Step 3: The next question is about the distribution of the data. Why is the distribution of data important? There are some tests which are built on the assumption of normally distributed data and these test are very precise in detecting differences. These tests are often referred to as “parameteric test”. But if you don’t know how your data is distributed (or if it is not normally distributed) choose “nonnormal data”. Then the choice of tests will be restricted to so called “non-parametric tests”. These are usually only slightly less sensitive compared to tests assuming normal distribution. For now, we haven’t looked at data distribution to keep things simple. So let’s try to be on the safe side and choose nonnormal data.

Step 4: Now we come to a very important question, what kind of data have we measured? This is important because each test has been designed for a particular data type. There are “metric data” such as 3.7 cm, 8.0 kg or -14.3°C. Then there are “Nominal data”. These are classes which have a name but no particular order, such as smoker & non-smoker or green, red, blue.  Subjects either belongs to one class or to another. Either I’m a smoker or I am not. And then there are “ordinal data”. Also these are classes with a name, but they do have an order, such as “small”, “medium”, “large”. In our example, we measured the height of children, so we have metric data.

Step 5: Now we come to the last question in this flowchart: Is the distribution of data similar for girls and boys? This question is not relevant for all tests, it is just a specific question for this part of the flowchart. We could have a look at the distributions, but we wouldn’t actually expect that the distribution of height in girls and boys would have a very different shape. We would not expect that that variability of height is different in boys or girls. Otherwise it would be rather funny, imagine all girls of a given age had always almost the same height, but the height of boys varied a lot from small to large. So let’s assume similarly distributed data for now. Then we find, that Mann-Whitney-U-test is the test we should use.

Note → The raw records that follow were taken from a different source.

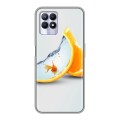 Дизайнерский силиконовый с усиленными углами чехол для Realme 8i Апельсины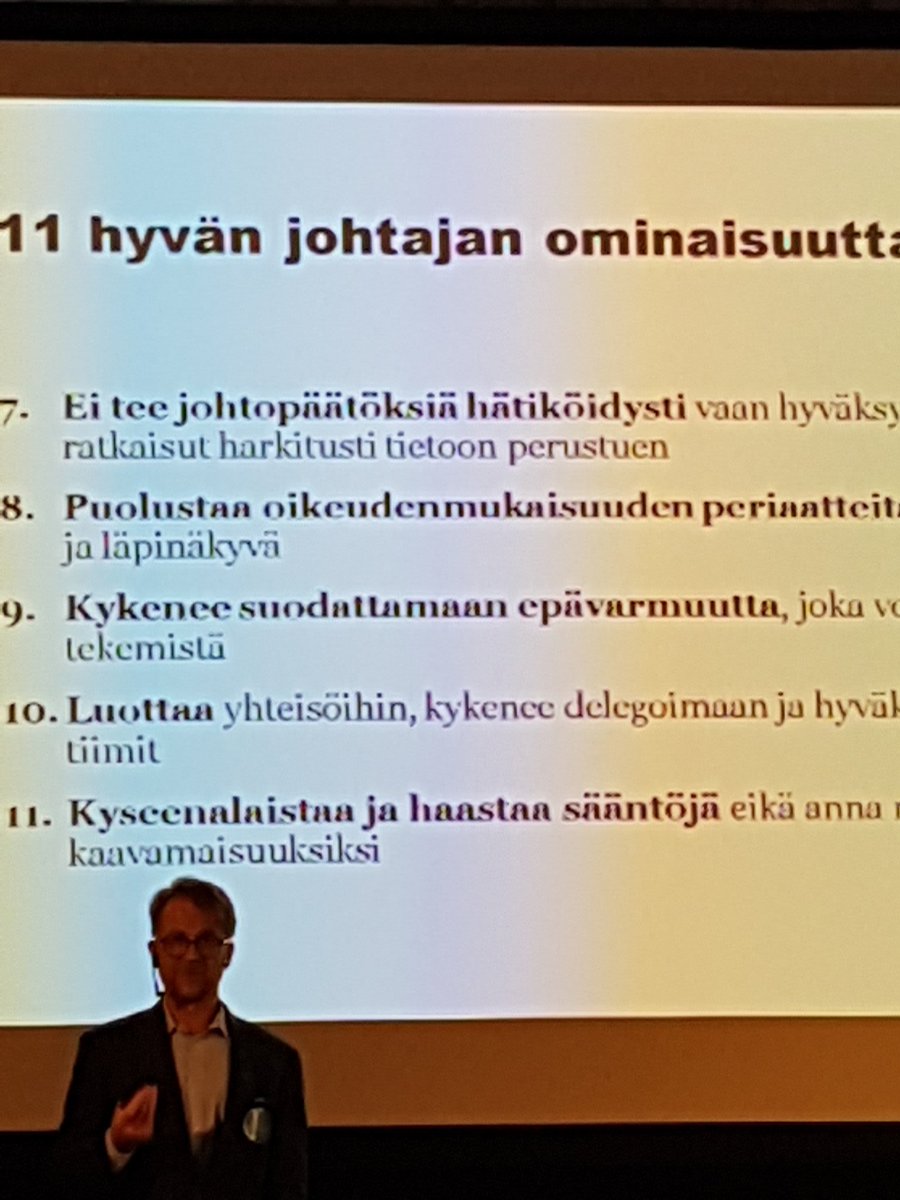 marjo_mp's tweet photo. Huikean hyvää antia kaikilta esiintyjiltä @BPFry vuosiseminaarissa ja osuvia huomioita johtajuudesta https://t.co/BzO1JMOdR1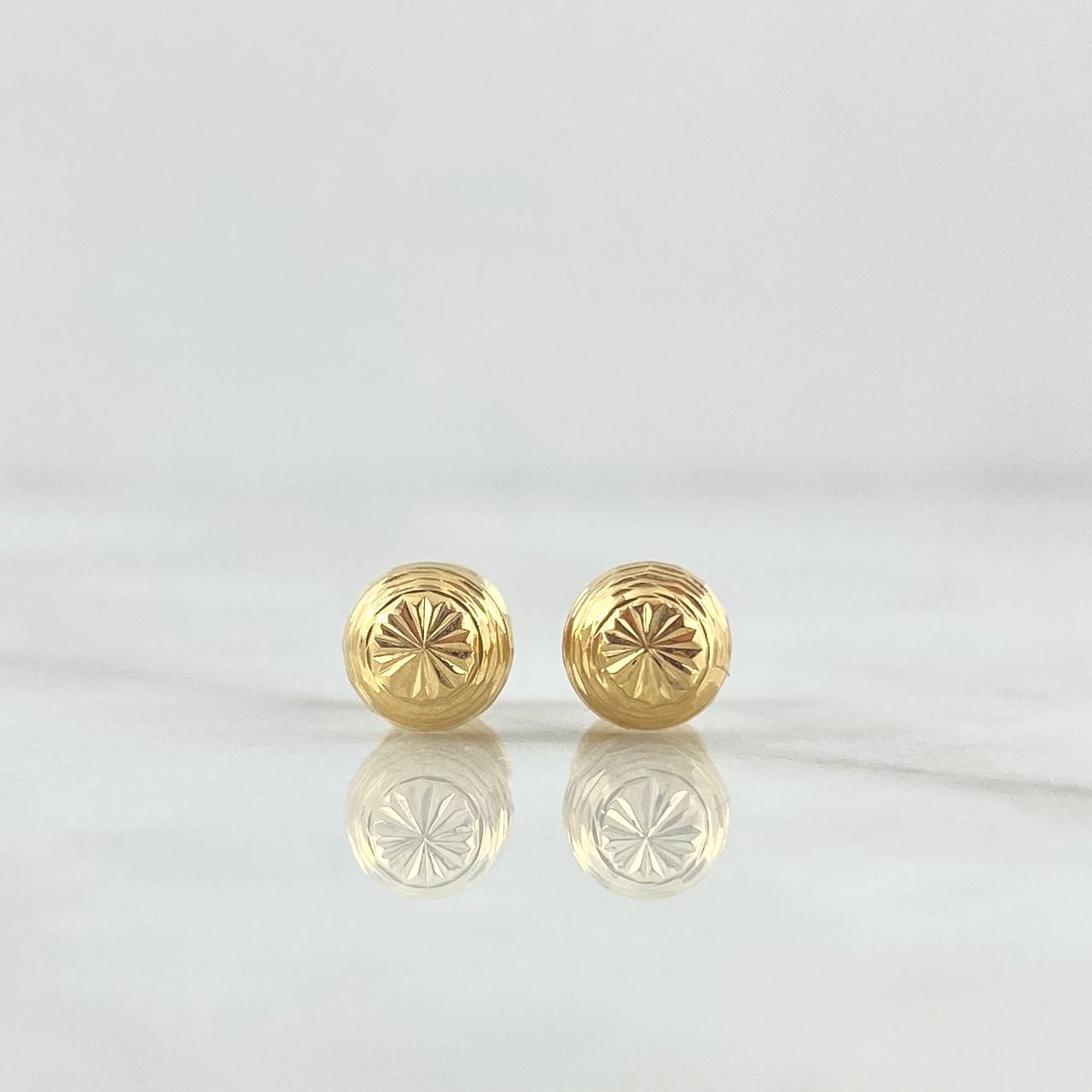 Topos Media Bola 0.7gr / 6mm Diamantada Lineal Oro Amarillo 18K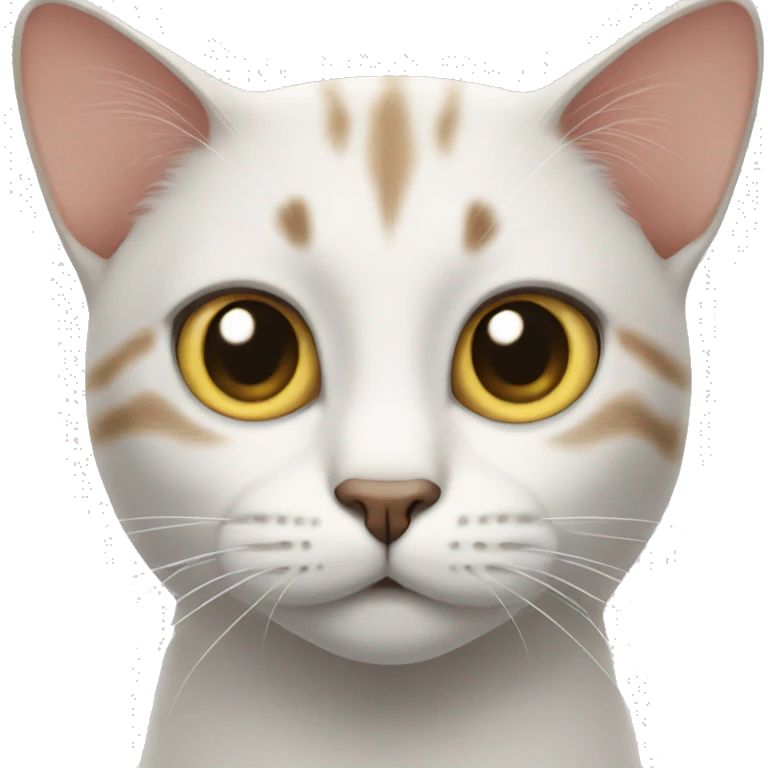 Cat without left eye  emoji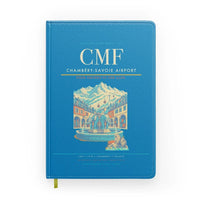 Thumbnail for Chambéry-Savoie Airport (CMF) design on turquoise notebook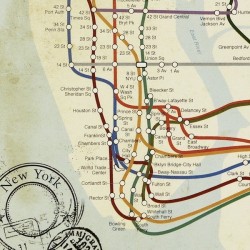 New York  subway map ART PRINT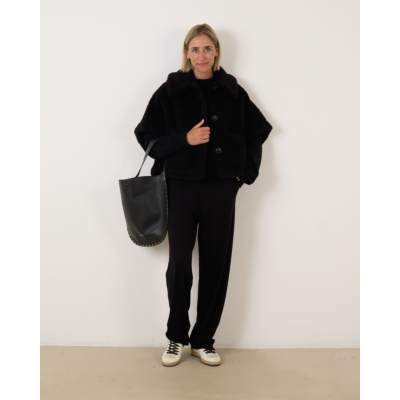 Max Mara Main Newterzo Cape Black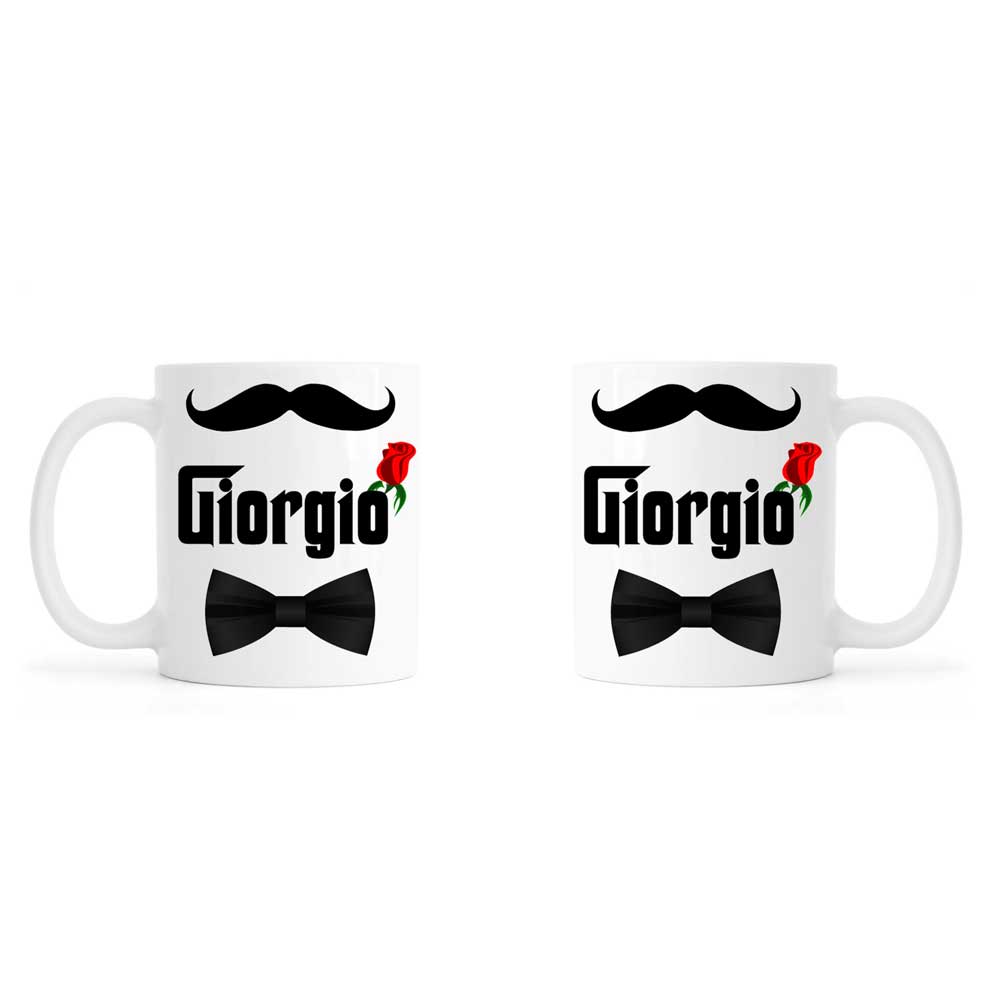 Personalised mug, godfather, best man, ceramic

I.e. for our question and data the appropriate test is Mann-Whitney-U-test.

If we were unsure about the similarity of data distribution in girls and boys and wanted to be on the safe side, we could also have chosen Mood’s median test. If we had looked at the distribution of the data and had found that they were indeed normally distributed, we would have moved up in the flowchart towards parameteric tests, such as two-sample-t-test.

Conclusion

In summary, each test is linked to specific conditions. Test choice is a simple step-by-step process. Whenever you are unsure if a condition is fulfilled, then better choose a test without the respective assumptions. As a result you may then apply a slightly less sensitive test, but at least the test result will not be incorrect.